'''

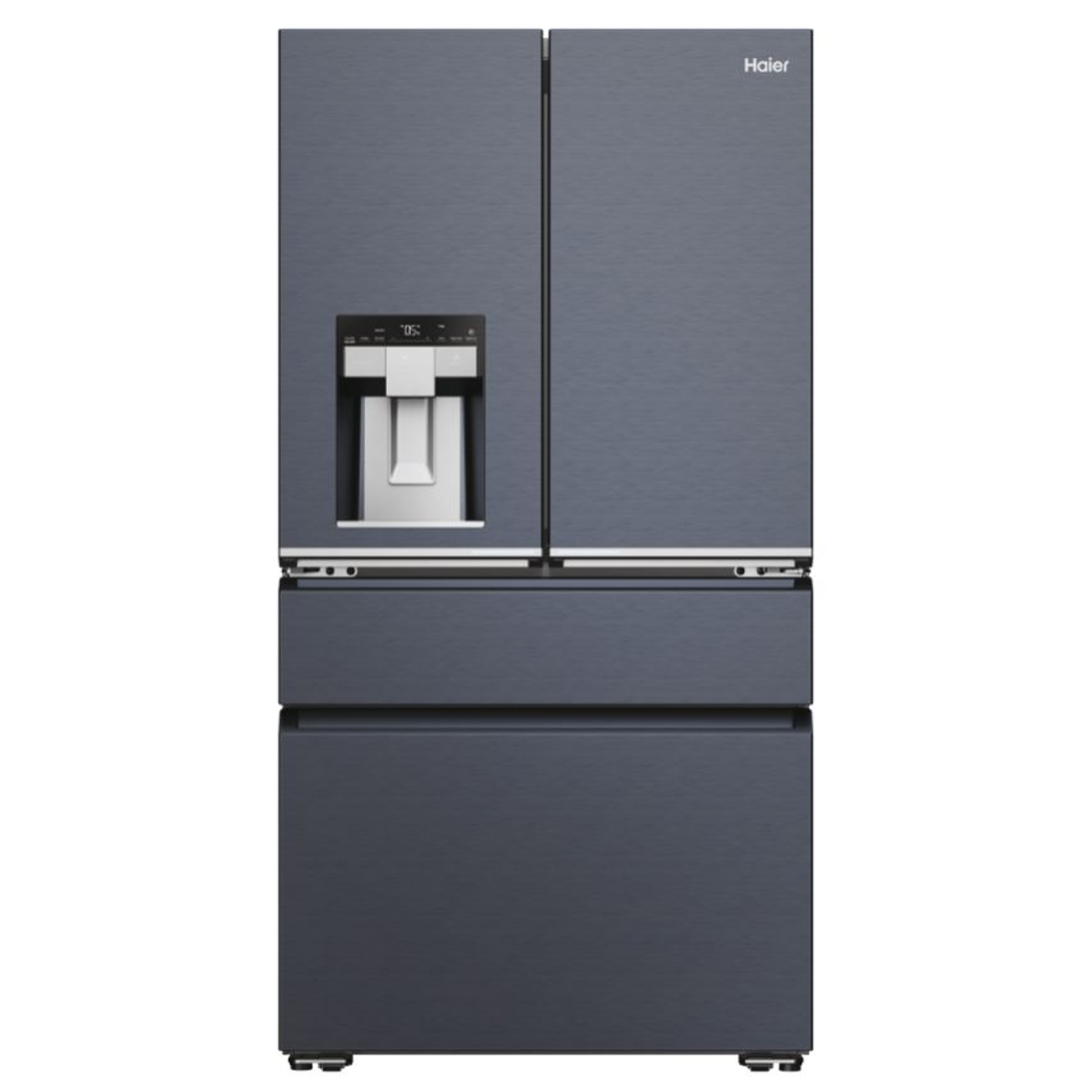 Refrigerador Haier azul oscuro con cuatro puertas y dispensador de agua. Fondo blanco.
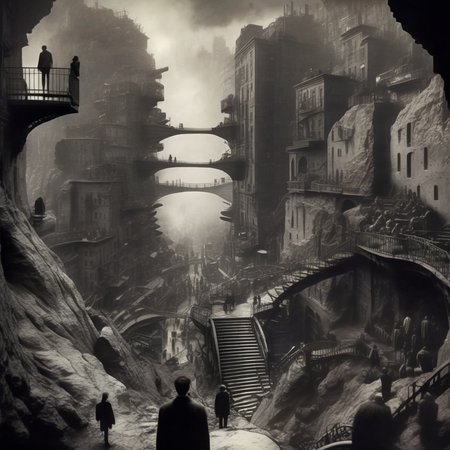 eldoria dark surreal city on the rocks composed of stairs, groups of people, dark atmosphere, very realistic detail, cinematic<lora:eldoria:1>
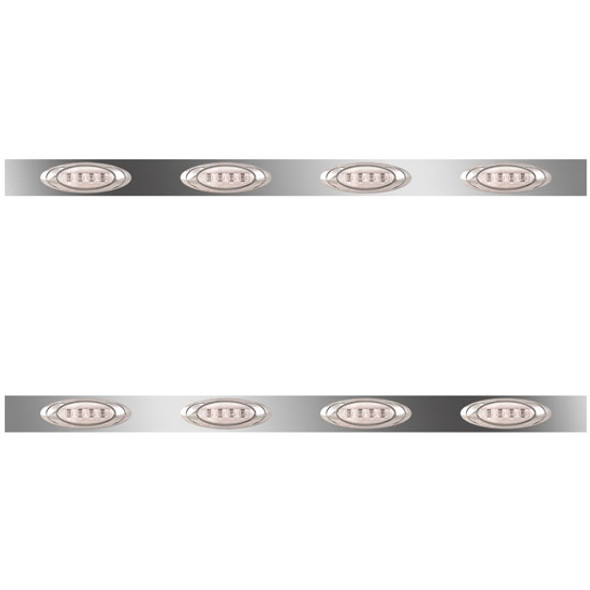 62 Inch Stainless Steel Sleeper Panels W/ 8 P1 Amber/Clear LEDs For Kenworth T660, T800, W900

'''

ACTION ITEM: Repeat the whole listing above word for word. Leave out the pictures.

WRITTEN SOLUTION:
 Refrigerador Haier azul oscuro con cuatro puertas y dispensador de agua. Fondo blanco.
 eldoria dark surreal city on the rocks composed of stairs, groups of people, dark atmosphere, very realistic detail, cinematic<lora:eldoria:1>
 62 Inch Stainless Steel Sleeper Panels W/ 8 P1 Amber/Clear LEDs For Kenworth T660, T800, W900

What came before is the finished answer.